**SOURCE DATA**
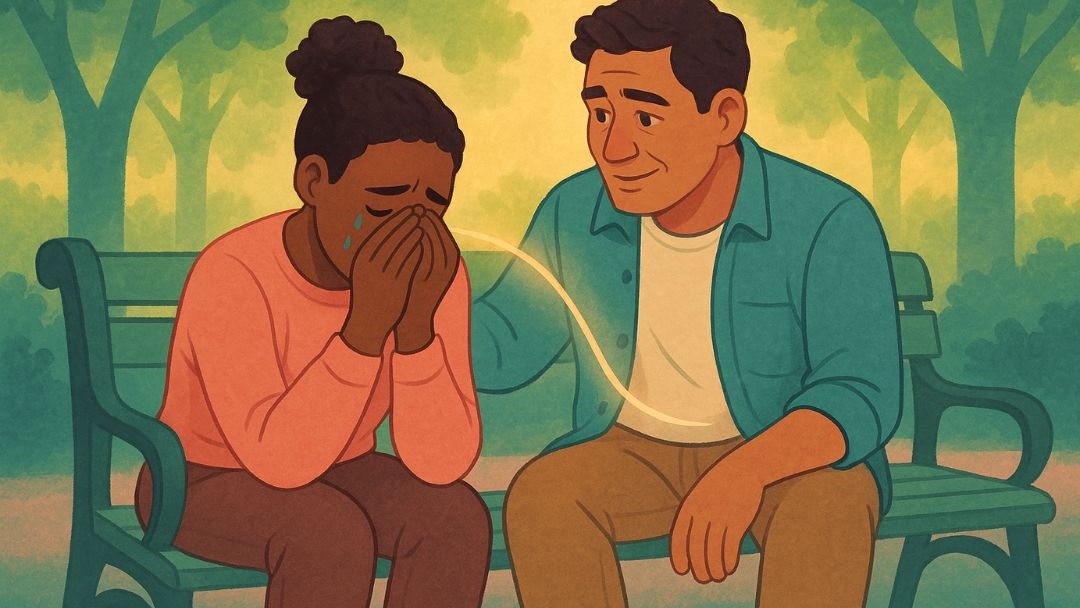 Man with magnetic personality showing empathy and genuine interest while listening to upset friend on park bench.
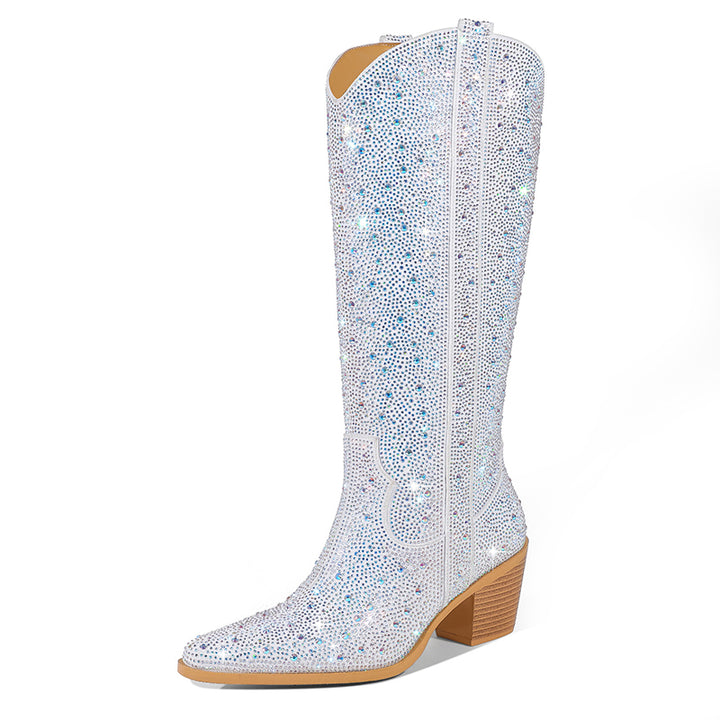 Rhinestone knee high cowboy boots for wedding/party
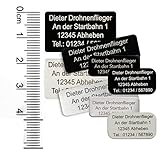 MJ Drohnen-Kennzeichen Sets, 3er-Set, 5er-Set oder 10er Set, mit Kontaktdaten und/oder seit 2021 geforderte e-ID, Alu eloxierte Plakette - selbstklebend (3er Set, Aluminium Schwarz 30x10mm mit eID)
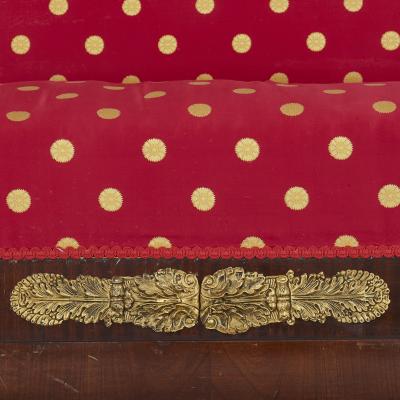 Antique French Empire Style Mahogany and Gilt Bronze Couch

...

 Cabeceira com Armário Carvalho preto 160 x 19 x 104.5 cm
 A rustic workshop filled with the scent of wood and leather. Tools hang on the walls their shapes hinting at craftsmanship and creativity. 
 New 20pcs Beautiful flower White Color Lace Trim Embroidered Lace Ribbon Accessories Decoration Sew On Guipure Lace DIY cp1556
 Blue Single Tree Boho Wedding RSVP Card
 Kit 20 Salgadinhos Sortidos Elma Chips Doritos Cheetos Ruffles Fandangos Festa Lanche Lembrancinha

**BRIEF**
What should come back is an exact copy of the lines above from the line with "Man with magnetic" to the line with "Antique French Empire", both included, minus the pictures.

**REPLY TO THE TASK**
 Man with magnetic personality showing empathy and genuine interest while listening to upset friend on park bench.
 Rhinestone knee high cowboy boots for wedding/party
 MJ Drohnen-Kennzeichen Sets, 3er-Set, 5er-Set oder 10er Set, mit Kontaktdaten und/oder seit 2021 geforderte e-ID, Alu eloxierte Plakette - selbstklebend (3er Set, Aluminium Schwarz 30x10mm mit eID)
 Antique French Empire Style Mahogany and Gilt Bronze Couch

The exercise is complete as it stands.